Igiaba Scego, giornalista e scrittrice nata in Italia da una famiglia di origini somale, risponde all'articolo di Daniela Padoan sugli scrittori che scrivono in italiano e non vincono premi letterari. L'esperienza della Scego è diversa, e l'articolo diventa spunto per attribuire le responsabilità anche ai media e alle case editrici
di Igiaba Scego, intervento nel dibattito sul “razzismo letterario”
Nel 2011 ho vinto un premio letterario: il premio Mondello.
Non me l’aspettavo. Naturalmente sono stata felice del premio. Onorata. Tra i premiati c’era anche il grande Javier Cercas, uno scrittore che stimo ed amo molto. Specifico che ho vinto il premio per la letteratura italiana. Ci tengo a sottolinearlo perché era la prima volta che una figlia di migranti vinceva il premio in questa categoria del Mondello. Dopo il premio (forse ingenuamente confesso) mi aspettavo una discussione sulle pagine culturali dei giornali. Speravo davvero che questa mia vittoria potesse essere usata come pretesto per parlare dei colleghi migranti e figli di migranti che non solo scrivono in italiano, ma danno lustro alla letteratura nazionale innervandola di nuovi temi e nuovi linguaggi. Invece c’è stato il solito silenzio assordante.
Purtroppo ho notato che di noi nei paginoni culturali dei giornali (ma lo stesso vale per i programmi TV) non si parla proprio. Chi ne parla lo fa spesso solo in termini folcloristici (anche se ci sono state eccezioni eccellenti a questa cattiva pratica). Perché, mi chiedo, interessiamo così poco a chi fa informazione culturale? Non siamo forse anche noi parte di questo paese? A quando la cittadinanza letteraria?

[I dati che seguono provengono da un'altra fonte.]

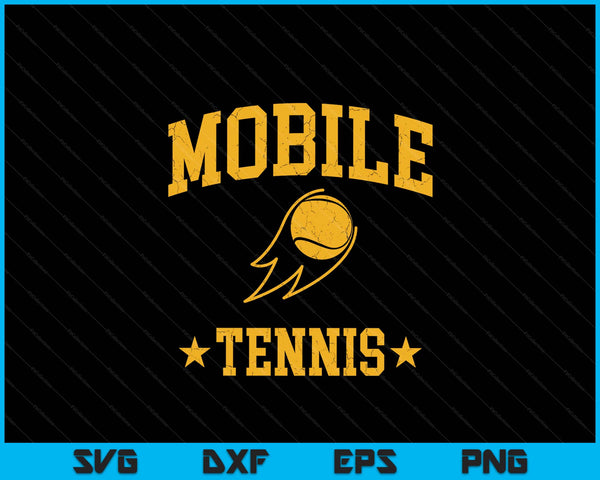 Mobile rapids tennis vintage gameday retro tennis lover SVG cut file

Qualcuno potrebbe obbiettare che ancora tra di noi non c’è una Zadie Smith o un Hanif Kureishi. Ma siamo proprio sicuri di questo? Forse probabilmente la Zadie italiana ci è passata sotto il naso e non ce ne siamo accorti. Io credo che sia andata proprio così. Lo penso ogni volta che mi capita tra le mani il libro di Cristina Ali Farah Madre Piccola. Un signor libro davvero! Poetico, complesso, coinvolgente. Un libro molto amato dagli addetti ai lavori, molto studiato nelle università estere (da Melbourne a New York) e dai gender studies. Ma sostanzialmente ignorato dalla stampa che conta qui in Italia. Poche recensioni per un libro che meritava ben altro trattamento.
Certo la stampa ha le sue colpe, ma non è la sola. Io aggiungerei tra i colpevoli anche le case editrici. Dopo un iniziale entusiasmo per le scrittrici e gli scrittori di origine migrante siamo passati ad una momento di totale recessione. Le vie sembrano sbarrate. Si pubblica poco e manca totalmente lo scouting. Anche in questo campo ci si affida a nomi considerati sicuri, ma si punta poco sulle giovani leve. Inoltre accade spesso che il libro anche se riesce a trovare una buona pubblicazione non venga appoggiato adeguatamente dall’editore. Non si punta su questo prodotto considerandolo erroneamente troppo di frontiera. Sono ancora le piccole e medie case editrici a fare la fortuna di una scrittrice o uno scrittore di origine migrante. Sono soprattutto loro a credere in un autore e a spingerlo. Basti pensare al rapporto che si è creato tra la E/O e Amara Lakhous, una relazione vincente in tutti i sensi.
In questo fosco panorama va segnalata però una nota positiva: le lettrici ed i lettori. Il pubblico di chi fruisce dei vari Kuruvilla, Farah, Wadja, Butcovan, Brahimi sta crescendo. Un pubblico multietnico e curioso. Un pubblico che interagisce direttamente con gli scrittori attraverso i social network e naviga sui siti specializzati.
Per una scrittrice, per uno scrittore, sono proprio loro il premio più bello.